- an act of enriching
- the state of being enriched
- something that enriches:
Now lets add a Canine to that and make it Canine Enrichment:
One standard definition of enrichment is: “Additions to an animal’s environment with which the animal voluntarily interacts and, as a result, experiences improved physical and/or psychological health.”
Types of enrichment: (Behavioral-Environmental) Any stimulus which evokes an animal’s interest in a positive way can be considered enriching, including natural and artificial objects, scents, novel foods, and different methods of preparing foods (for example, frozen in ice). Most enrichment stimuli can be divided into seven groups:
- Environmental; enhancing the animals’ captive habitat with opportunities that change or add complexity to the environment.
- Feeding; by presenting food to an animal in different ways, such as hidden, scattered throughout their habitat, buried, or presented differently, natural hunting and scavenging behaviors are encouraged by requiring the animals to investigate, manipulate, and work for their food as they would in non-captive environments. Feeding enrichment is the most common technique used.
- Manipulation; providing items that can be manipulated by the paws, feet, tail, horns, head, mouth, etc. This promotes investigatory behavior and exploratory play that is often closely related to behaviors that can be seen by the species in a natural, wild habitat. It is not uncommon to see manipulation and feeding techniques combined. Many objects offered to an animal in their habitat can contain treats that require the animal to open, break apart, and/or find the treats through obstacles within the enrichment object.
- Puzzles; requiring an animal to solve simple problems to access food or other rewards. These puzzles can include puzzle feeders that contain the animal’s meal or manipulation objects that are presented.
- Sensory; stimulating animals’ senses: visual, olfactory, auditory, tactile, and taste. Olfactory senses can be activated by presenting scents that the animal would encounter while hunting and mating in the wild. Caretakers include prey, predator, and pheromone scents within the enclosure. Auditory senses can be activated by playing recordings of the animal’s natural habitat, animal, and vocalizations that can be heard by the species in the wild.
- Social; providing the opportunity to interact with other animals, either conspecifics or interspecifics.

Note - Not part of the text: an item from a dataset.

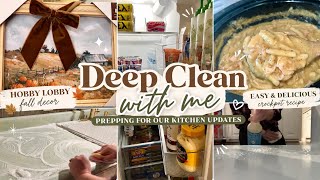 Deep Cleaning My Kitchen Before Our Updates | 🍂Fall Hobby Lobby Decor + Crockpot Recipe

- Training; training animals with positive reinforcement or habituation. This technique not only helps the animal to become mentally stimulated, but also helps to create and form a bond between the animal and his/her caretaker; allowing the caretaker to get a closer look at the animal on a daily basis and allowing for easier daily and veterinary care. ~Wikipedia
Since we are learning that dogs need mental and physical activities to keep them from unwanted behaviors. We are finding more and more ways to enrich their lives so they can become better pets. When becoming better pets the dogs are happy as they are getting much needed mental stimulation and you are happy because your pet isn’t destroying things as it has a job to do when you give it one in enrichment toys. There are many different enrichment toys out there, store bought ones as in puzzles, kong toys, tug-o-jugs and home made ones as in a water bottle with holes and treats in it for the dog to figure out how to get the treats out or like below a snuffle ball. Last October I wrote about a snuffle mat and how that enriches the canines, if you missed it you can read it here. My gang loved their snuffle mat so I decided to do a similar thing using a ball.
I used left over fleece strips from the snuffle mat to fill the ball with holes in it. You stuff the fleece in the ball and then hide your dogs dry kibble in the fleece.
They will smell the kibbles and have to figure out how to get the tasty morsels out. Guilty was a pro at it.
If your pooch is a destroyer and eater of things this enrichment toy might not be the one for you. Guilty was able to pull out the strips of fleece to get at the kibbles, she doesn’t eat fabric so I can use this toy with her but if your dog likes to eat fabric you shouldn’t use to be on the safe side. The ball that I used is the Hol-ee Roller ball from Chewy.com. The ball comes in various sizes so if you have a small dog you can get a small ball. Now that I have a litter of puppies I am excited to try out these enrichment toys.
Speaking of the puppies I made each one of them their very own snuffle mat to take home with them when they go to their new homes. Right now it is a snuggle mat as I put the mats in the whelping box and let the puppies crawl and snuggle in them to leave their scent and moms scent behind so when they are alone in their new home they have something familiar.